I am creating a code that takes accession numbers from an existing excel file and ultimately running it through BLAST using Entrez. I am very new to Python and pretty much just learning as a I write. Here is what my code looks like right now, it currently will run and run but never complete and never return any errors.

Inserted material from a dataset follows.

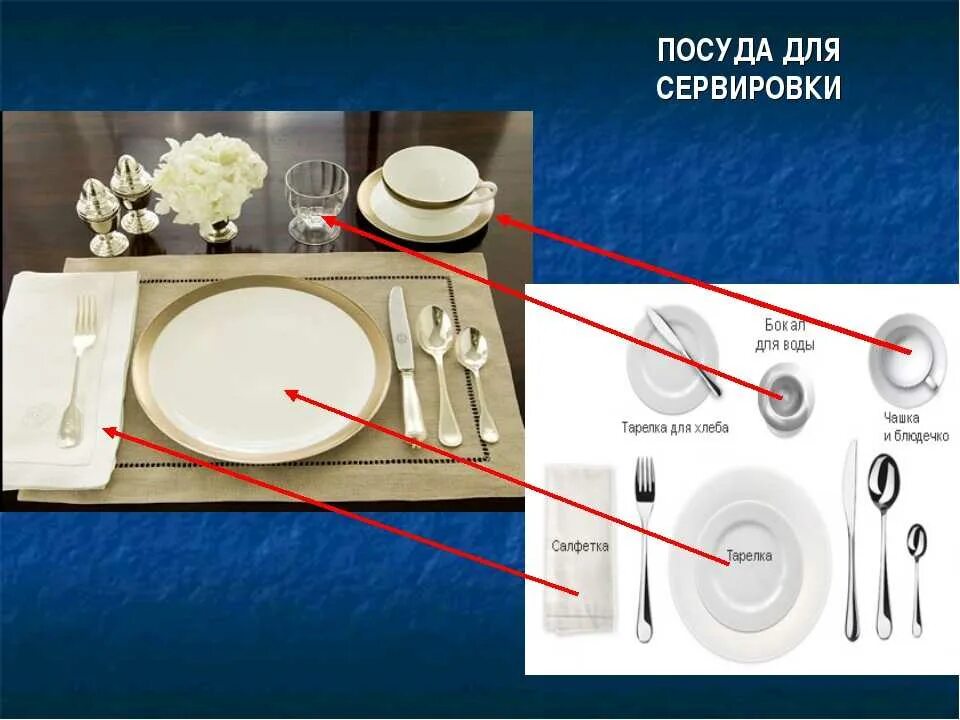 Технология (девочки) 6 класс уроки 11-12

Any help would be greatly appreciated!
import pandas
from Bio import SeqIO
from Bio import Entrez
from Bio.Blast import NCBIWWW
from Bio.Blast import NCBIXML
genesexcel=pandas.read_excel(r'C:\Users\bmn45\OneDrive - Drexel University\Monoterpenoid Indole Alkaloids\MIA_genes.xlsb', sheet_name='Data S16')
#import the excel into variable
acc_num=genesexcel['Accession number'].values
#store values from first column of excel
print(acc_num)
for number in acc_num:
handle = Entrez.esearch(db='protein', term=number, retmax="20")
#searching the Genbank database using the accession number
Entrez_result = Entrez.read(handle)
ID_List = Entrez_result['IdList']
#storing the ID number(s) from the Entrez search of the accession number
handle2 = Entrez.efetch(db='protein', id=ID_List, rettype='gb')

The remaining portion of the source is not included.